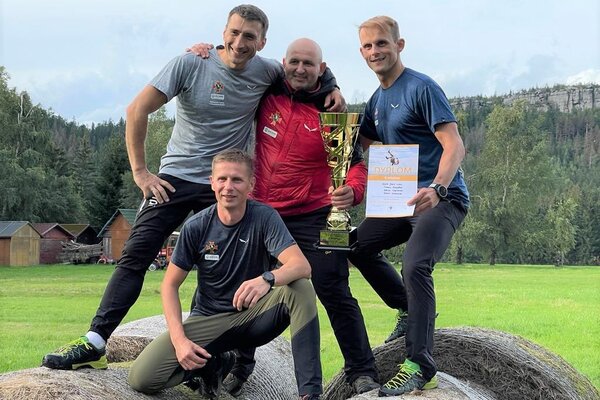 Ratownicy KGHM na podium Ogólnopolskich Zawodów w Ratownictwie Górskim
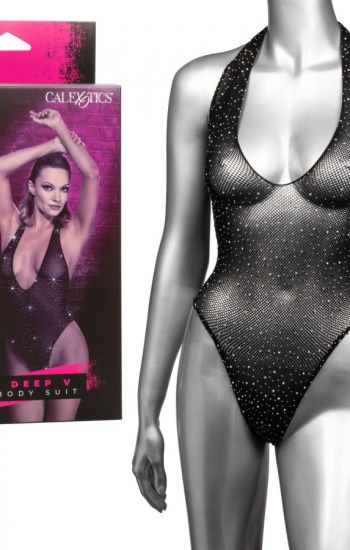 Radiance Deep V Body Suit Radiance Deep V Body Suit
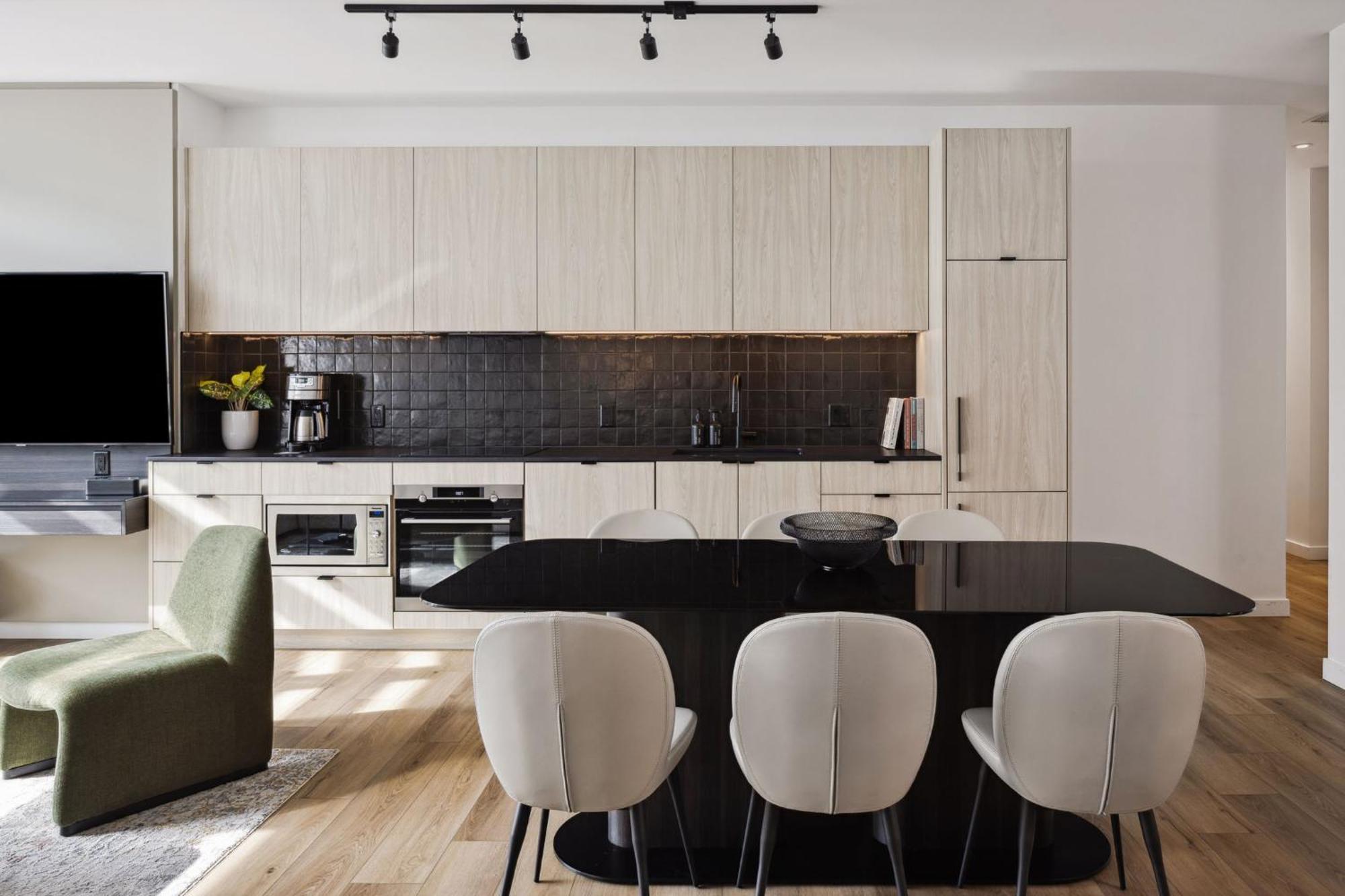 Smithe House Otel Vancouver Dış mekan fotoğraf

====

PROMPT → What you give back should be the full material above, retyped exactly, with every image removed.

SOLUTION TO THIS PROBLEM →
 Ratownicy KGHM na podium Ogólnopolskich Zawodów w Ratownictwie Górskim
 Radiance Deep V Body Suit Radiance Deep V Body Suit
 Smithe House Otel Vancouver Dış mekan fotoğraf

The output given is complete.